## PROBLEM REQUIREMENTS
Transcribe the full listing below, word for word, without pictures.

## GIVEN DATA
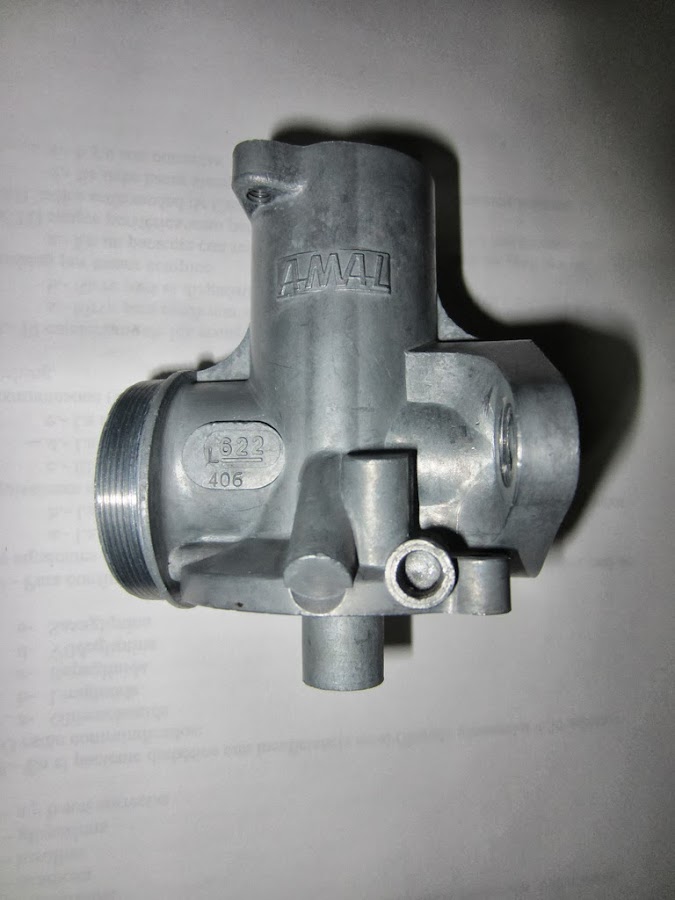 Cuerpo del carburador después de ser limpiado con ultrasonidos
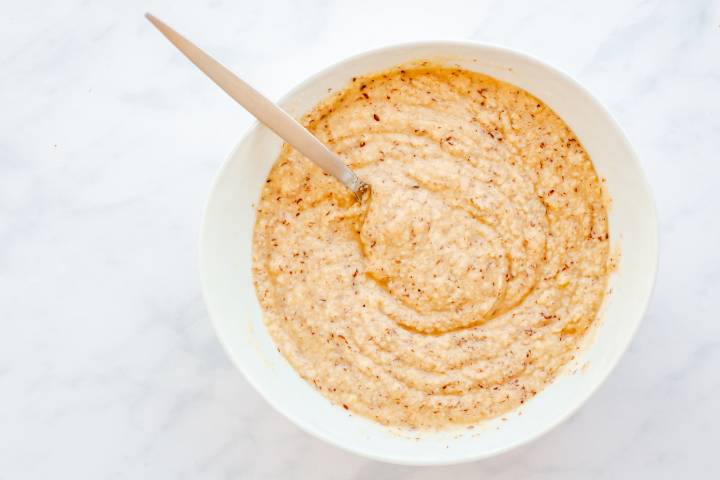 Batter for almond flour pancakes in a bowl.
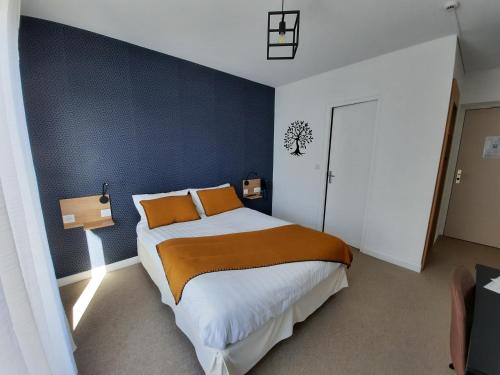 a bedroom with a large bed with orange pillows at Au Bon Accueil in Perros-Guirec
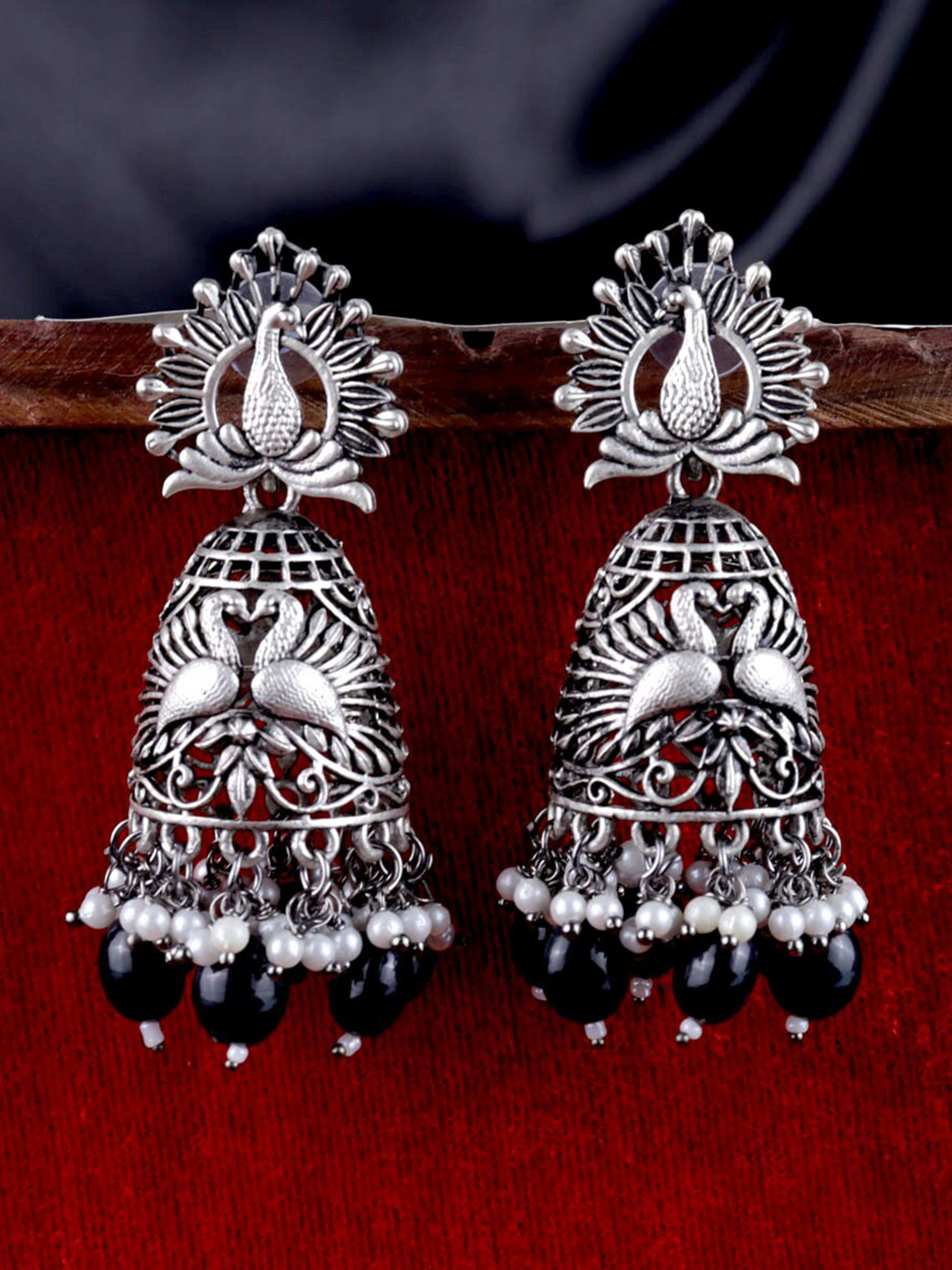 

Krelin Silver-Plated Beaded Oxidised Peacock Shaped Jhumkas Earrings, Black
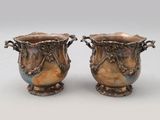 pair of silver vases with handles and handles on pedestals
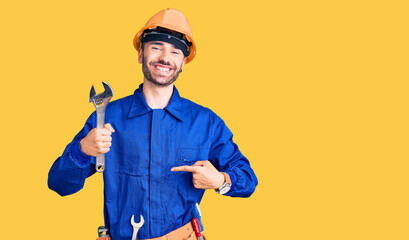 Young hispanic man wearing electrician uniform holding wrench pointing finger to one self smiling happy and proud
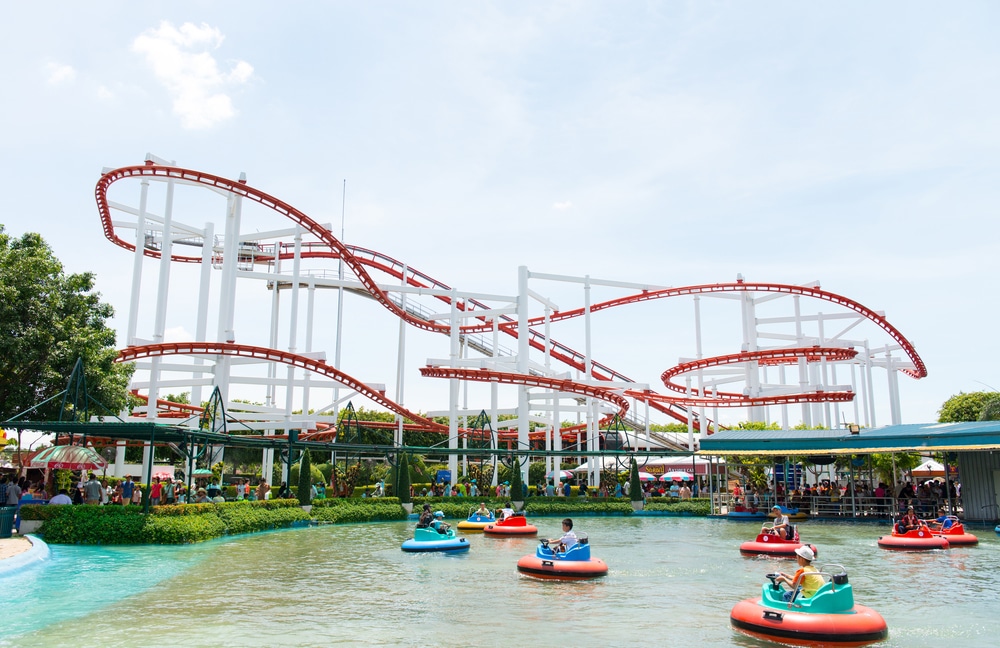 ผู้คนนั่งเรือบัมพ์ในสระน้ำหน้ารถไฟเหาะสีแดงขาวในวันที่อากาศแจ่มใส เหมาะสำหรับผู้ที่กำลังมองหาที่เที่ยวหน้าฝนโรแมนติก ที่เที่ยวครอบครัว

## EXERCISE OUTPUT
 Cuerpo del carburador después de ser limpiado con ultrasonidos
 Batter for almond flour pancakes in a bowl.
 a bedroom with a large bed with orange pillows at Au Bon Accueil in Perros-Guirec

Krelin Silver-Plated Beaded Oxidised Peacock Shaped Jhumkas Earrings, Black
 pair of silver vases with handles and handles on pedestals
 Young hispanic man wearing electrician uniform holding wrench pointing finger to one self smiling happy and proud
 ผู้คนนั่งเรือบัมพ์ในสระน้ำหน้ารถไฟเหาะสีแดงขาวในวันที่อากาศแจ่มใส เหมาะสำหรับผู้ที่กำลังมองหาที่เที่ยวหน้าฝนโรแมนติก ที่เที่ยวครอบครัว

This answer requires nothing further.